6502.org Forum  Projects  Code  Documents  Tools  Forum
It is currently Fri Nov 22, 2024 6:39 pm

All times are UTC




Post new topic Reply to topic  [ 12 posts ] 
Author Message
PostPosted: Sun Mar 13, 2011 6:36 am 
Offline

Joined: Sun Mar 13, 2011 4:58 am
Posts: 17
Location: Rindge NH USA
Kinda on a lark, I decided to design an MMU for the 6502. The idea was basically to allow for a protected mode, similar to the x86 (and others). Being a bit of a NES hacker, I'm familiar with basic bank swapping mechanisms, but I decided to go for something more advanced.

The main idea was to extend the address space and implement page tables in general purpose memory. I decided to use a 20-bit address bus and 256-byte pages. This requires 12-bit page addresses in the page table, which (when bumped up to a round number of bytes) leaves four bits for flags. So a page table takes two pages.

So now that I had figured out how I wanted the page tables to function, I had to come up with a way to implement them. I sketched out a few different designs, but I eventually decided that the best way was to make three memory accesses every time the CPU tries to access the memory.

The first access fetches the low byte of the page table entry. The second access fetches the high byte of the page table entry. And the third access reads or writes to the mapped page.

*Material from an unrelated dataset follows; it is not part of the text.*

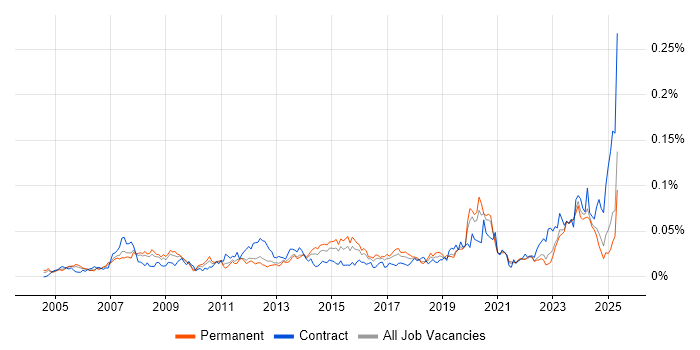 Job vacancy trend for Autodesk in the UK excluding London Job vacancy trend for Autodesk in the UK excluding London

To make this work, the clock must be run at five times the CPU speed (I think). Three external registers are defined:
  • PTR - Page Table Register
  • PAR - Page Address Register
  • PFR - Page Flags Register
The PTR points to the page table. The PAR holds the address of the page about to be accessed and the PFR holds it's flags. Accessing memory works as follows:

Clock Cycle
  1. Connect the PTR, A₁₅₋₈5, and a 0 to the address bus. Read memory.
  2. Load PAR₀₋₇ from the data bus.
  3. Connect the PTR, A₈₋₁₅, and a 1 to the address bus. Read memory.
  4. Load PAR₈₋₁₁ and PFR₀₋₃ from the data bus.
  5. Connect the PAR and A₀₋₇ to the address bus. Read or write memory.
It may be possible to do cycles 2 and 4 on the falling (or is it rising) clock edge and reduce the required clock speed. (But I don't know for sure.)

I've developed a little schematic of the basic workings of the idea, which you can look at here. It's somewhat over simplified and is missing a few things, but I think it conveys the gist of it. (In case you're wondering, PXR0 and PXR1 are 74377s. PAR is PXR0₀₋₇ and PXR1₃₋₇. PFR is PXR1₄₋₇.)

Notably missing is the write line handling, which should be ANDed with C₅ and clocking the bus. The bus should be clocked at C₁, C₃, and C₅, but I'm not sure that's safe as the clock cycles would be of inconsistent length.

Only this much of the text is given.